Student hardship grants, also known as need-based grants, are available from the government, private sources and schools themselves.

Experiencing financial hardship doesn't necessarily mean college is out of your reach. The federal government, state governments, private foundations, nonprofits and individual schools all award grants and scholarships for students who have financial need.

Federal Grants

The U.S. government provides some educational grants directed at students with financial need. The most well-known is probably the Pell Grant, which awards students up to $5,775 for the 2015/2016 school year. Another option is the Federal Supplemental Educational Opportunity Grant, available for undergraduate students who have exceptional financial need. This grant pays between $100 and $4,000 per school year.
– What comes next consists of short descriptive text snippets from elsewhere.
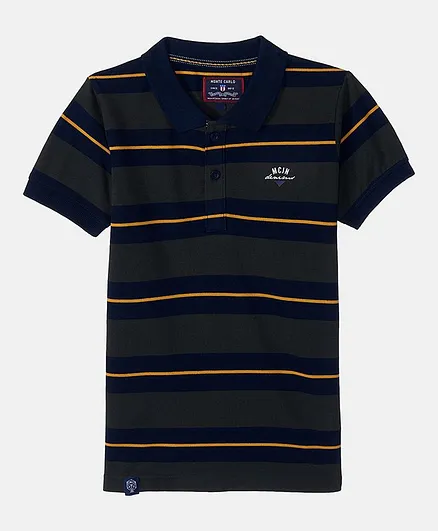 Monte Carlo Half Sleeves Striped Tee - Dark Green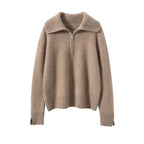 Women's cashmere pullover with zipper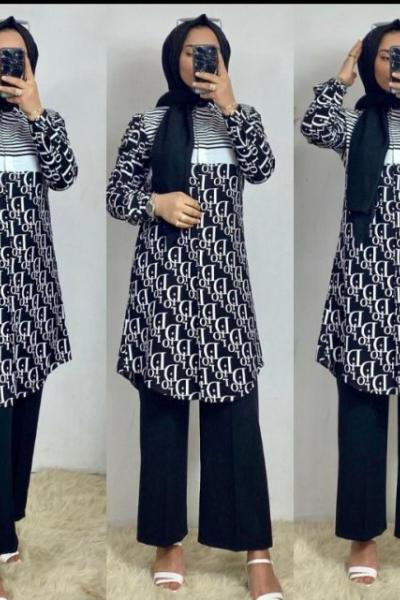 Gömlek Pantolon Takım Siyah  Siyah Beyaz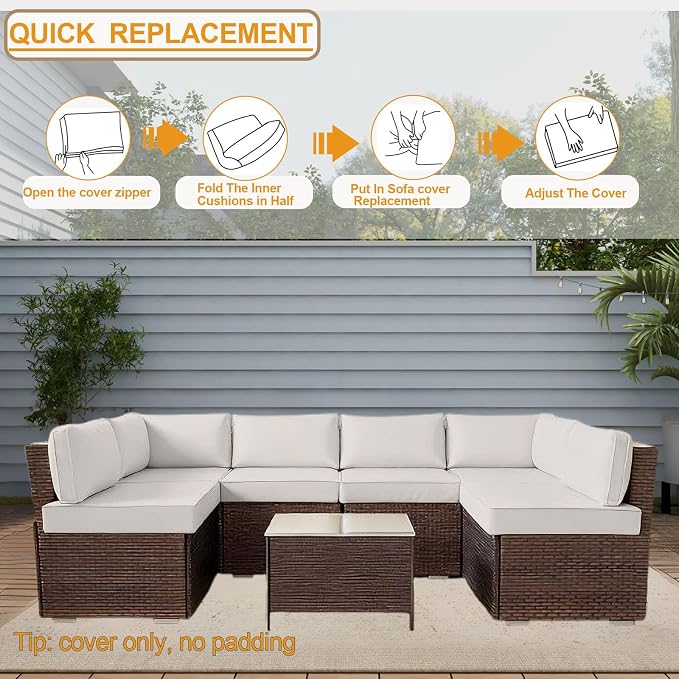 Outdoor Cushion Covers for Patio Furniture, Patio Cushion Covers Replacement - Image 6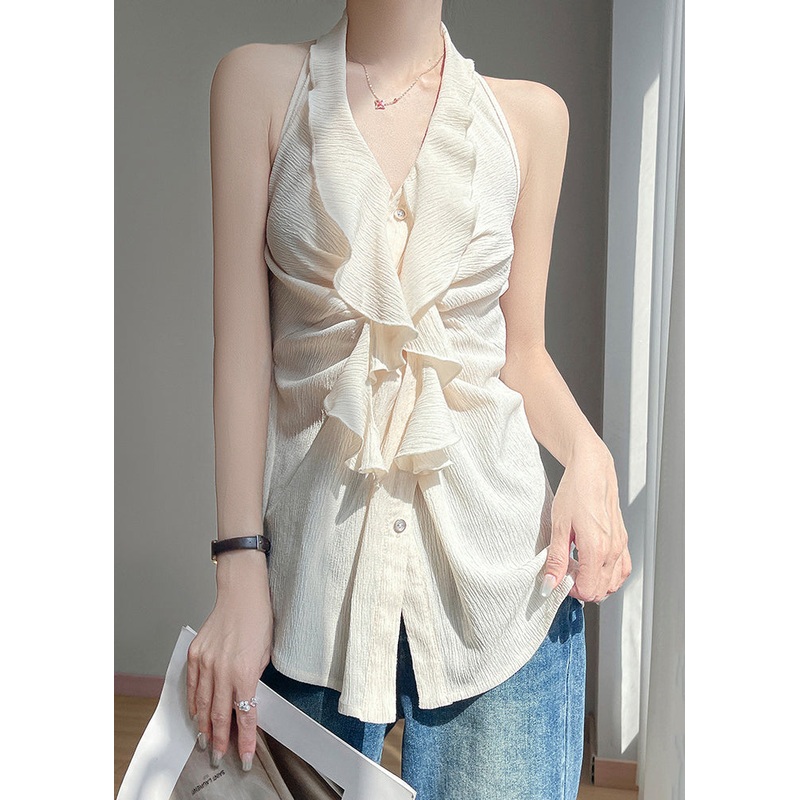 Sleeveless Cotton Beige Shirts Stylish Button Ruffled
Students can apply for all federal student aid by completing the FAFSA each year. Whether or not you'll qualify for a grant depends on the cost of attending your school and your expected financial contribution. Students can use the FAFSA4caster to estimate their eligibility for specific federal grants ahead of time.

State Grants

Your state may also provide educational grants for students with financial hardships. For example, Texas awards need-based grants for students who attend a community college or public university in Texas. Minnesota awards a grant that averages $1,800 per year, and more than half of the grants go to students with incomes less than $20,000. Contact your state's department of education for more information on statewide grants.

Private and Nonprofit Grants

Many private foundations and nonprofit organizations offer scholarships to low-income students who are interested in a certain area of study or who may be underrepresented in a certain field.

Like grants, scholarships don't typically need to be paid back. Unlike grants, however, scholarships are often awarded based on academic merit or accomplishments. Scholarships may require that you hold a minimum GPA and a submit an essay when you apply.

Change a Life Foundation reports that potential scholarships include:

  • The Bill and Melinda Gates Foundation awards scholarships to minority students with financial hardships. 
  • The Google Scholarship Program gives scholarships to underrepresented, low-income students who are interested in business or technology.
  • The Stephen Phillips Memorial Scholarship, provides scholarships to undergraduates with financial need who have strong academics and display strong moral character.

Use the U.S. Department of Labor's free scholarship search tool to find need-based scholarships that you may qualify for.

Tip

  • Watch out for scholarship search scams. You shouldn't need to pay to find a scholarship, and be wary of giving sensitive information, such as your Social Security number, to scholarship search companies.

School-Specific Grants

The school you plan on attending may have grants available for students with financial hardships. For example, Open Educational Database reports that Colorado State University, Indiana State University and University of North Carolina all award grants to low-income students enrolled in a program.

To find out what need-based grants are available at your school, visit your college financial aid website or ask your department head if there are scholarships for need-based students with your major.